Kin, who runs his own company, Inclusive Innovations Ltd., began by talking about the general aims of most inventors and how they might protect their intellectual property rights – possibly by using a confidentiality agreement (NDA, CDA) or a patent, or both. Using a UK patent he filed on one of his own inventions – the iiCap – as a case study, he described in detail the process of putting together a patent application.
A patent consists of four sections: the abstract – a brief overview of the invention; the description – a full disclosure of the invention with examples; drawings – showing different variations where required; and the claims – the most important part of the patent which lists the inventive features of the product.

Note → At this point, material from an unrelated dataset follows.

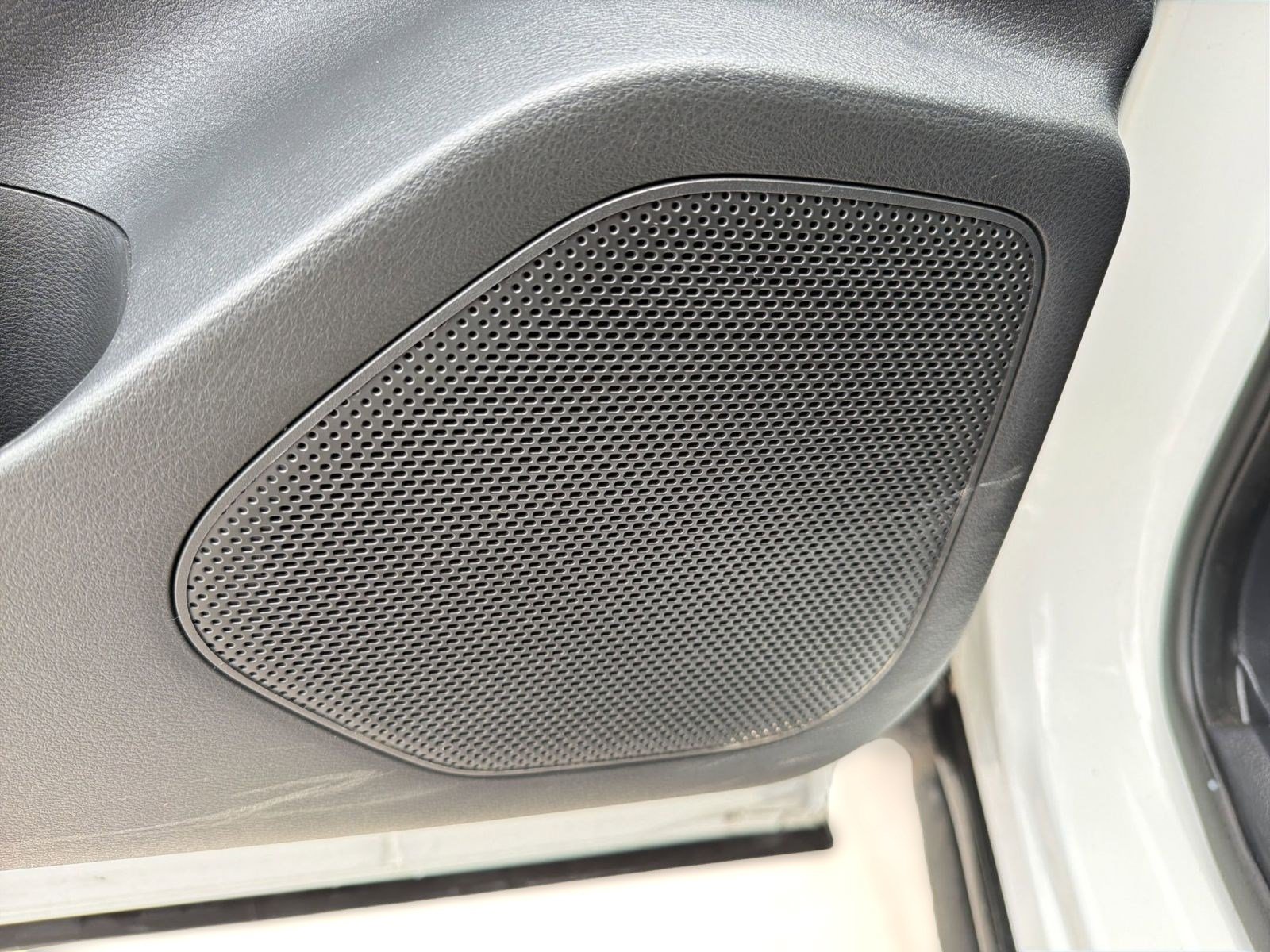 Used 2022 Nissan Rogue S FWD image 21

He showed his application and how he had written it. He had applied himself without using the services of a patent attorney. Once the official search had been carried out by the examiners at the UK Intellectual Property Office they sent their search report to Kin indicating the likelihood of his patent being granted. It did not look good. They had found several patents already in existence which implied that his invention was not new. The report also indicated that Kin’s description did not make clear the essential features of the invention, while there was a lack of consistency in the language used and some phrases like “a number” and “such as” were regarded as too vague. A patent is a legal documents and correct usage of language and structure is vital.
Kin felt that his chances of having the patent granted were rather small, but he took it to a patent attorney who felt that all was not lost. The attorney then responded to the examiner’s report on Kin’s behalf. He took each point which the examiner had made and argued in Kin’s favour. The patent was subsequently granted. Kin had also filed an international patent which had run into similar problems with the Chinese Patent Office. Their examiner initially indicated that the invention was not new – until the patent attorney responded in full and the patent was granted in China. He also had a UK trade mark registered to protect his logo.
So in Kin’s view, it is important not to be immediately put off if the initial search is negative, but to be realistic when viewing the prior art. It may be that your invention is not new. If things are looking good and you intend to patent internationally make sure that you select your territorial protection strategically. It may not be financially feasible to cover all the countries you would like. Where are your main markets?
As Kin’s experience showed, it is also vital to ensure that you get the right advice and guidance as he did when using his patent attorney.
Having gained his patents Kin then looked to ways of trying to raise funding for the product and publicise it. He appeared briefly on Dragons Den twice – the first time to promote the development of a reminder smart card to reduce the missed appointment rate, and the second time with the iiCap for Sports Relief. So far the only person to have appeared on Dragons' Den for two different products!
He realised that he needed a professional prototype and product and packaging design to get it to market. Very often it is through this that you learn of problems – perhaps difficulties with different materials, sizes etc. The iiClip, one of Kin’s subsequent inventions, is quite small and may look easy to produce, but in fact a lot of engineering was needed to bring it to fruition. In order to gain the necessary skills / facilities it is often a good idea to bring in business partners but he felt it was best to avoid joint intellectual property where possible.
He then described some of the other products which Inclusive Innovations is developing and concluded with two famous products which exemplify how long the process of developing a new product can take: It took Thomas Eddison two years and two thousand prototypes to develop his light bulb filament. Charles Goodyear stumbled on a method of vulcanising rubber nine years after starting work on the problem.